The rudimentary soil-water balance approach used
in this study provides a qualitative sense of how precipitation
is partitioned between runoff, evaporation, and soil moisture
storage. The surplus and soil moisture values computed with this
model are interpreted better as indexes of relative wetness rather
than absolute estimates because none are calibrated against measured
values. Use of a monthly time step, a simplified representation
of soil and plant hydrology, the ambiguity in applying the potential
evapotranspiration concept to dry areas, and the errors in estimating
potential evapotranspiration are major limitations of this model.
The model time step cannot account for storm runoff, an important
mechanism for runoff generation. The soil-water balance model
is an incomplete hydrology model because it is very difficult
to calibrate against observed values. Coupling a soil-water balance
model with measured runoff is the only realistic way to derive
accurate runoff estimates.
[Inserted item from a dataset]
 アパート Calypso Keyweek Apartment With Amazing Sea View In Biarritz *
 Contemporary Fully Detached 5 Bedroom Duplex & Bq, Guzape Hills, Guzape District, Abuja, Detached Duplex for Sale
A simplified coupling of the soil-water
balance model to a surface runoff model was achieved in a recent
study to develop a GIS-based water planning tool for the Niger
River Basin in West Africa (Maidment et al., 1996; http:
// www.ce.utexas.edu / prof / maidment / GISHydro / africa / africa.htm).
This model was calibrated for monthly flows but not validated.
A more detailed approach to this type of study could be taken
by implementing a continuous stream flow simulation model with
daily time stepping (or less); however, implementing this type
of model on a region the size of Texas is a formidable task.